J Vet Sci.  2018 Nov;19(6):744-749. 10.4142/jvs.2018.19.6.744.

Dapsone modulates lipopolysaccharide-activated bone marrow cells by inducing cell death and down-regulating tumor necrosis factor-α production

  • 1College of Veterinary Medicine, Jeju National University, Jeju 63243, Korea. jooh@jejunu.ac.kr
  • 2Veterinary Medical Research Institute, Jeju National University, Jeju 63243, Korea.
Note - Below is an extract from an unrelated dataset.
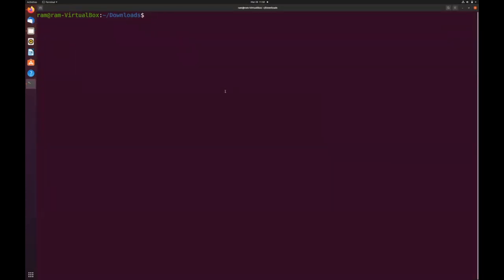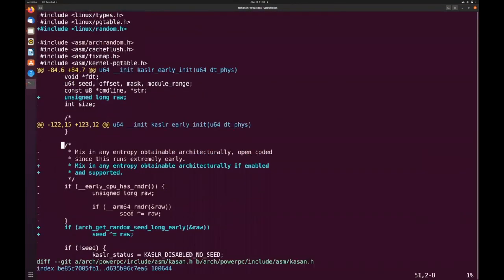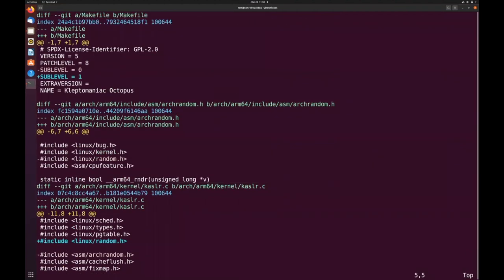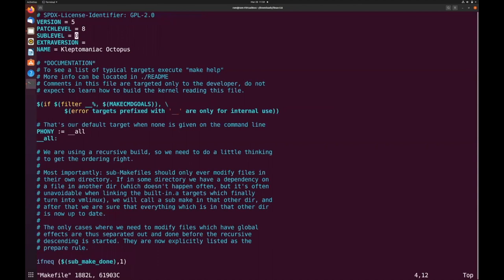First we have to see what the patch is doing. It is making many changes, so let's focus on one: here you can see it is making a change in the Makefile — it is setting the sub-level value from 0 to 1. As you can see, currently the sub-level value is 0, so after applying the patch it should be 1.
Dapsone, an antibiotic, has been used to cure leprosy. It has been reported that dapsone has anti-inflammatory activity in hosts; however, the anti-inflammatory mechanism of dapsone has not been fully elucidated. The present study investigated the anti-inflammatory effects of dapsone on bone marrow cells (BMs), especially upon exposure to lipopolysaccharide (LPS). We treated BMs with LPS and dapsone, and the treated cells underwent cellular activity assay, flow cytometry analysis, cytokine production assessment, and reactive oxygen species assay. LPS distinctly activated BMs with several characteristics including high cellular activity, granulocyte changes, and tumor necrosis factor alpha (TNF-α) production increases. Interestingly, dapsone modulated the inflammatory cells, including granulocytes in LPS-treated BMs, by inducing cell death. While the percentage of Gr-1 positive cells was 57% in control cells, LPS increased that to 75%, and LPS plus dapsone decreased it to 64%. Furthermore, dapsone decreased the mitochondrial membrane potential of LPS-treated BMs. At a low concentration (25 µg/mL), dapsone significantly decreased the production of TNF-α in LPS-treated BMs by 54%. This study confirmed that dapsone has anti-inflammatory effects on LPS-mediated inflammation via modulation of the number and function of inflammatory cells, providing new and useful information for clinicians and researchers.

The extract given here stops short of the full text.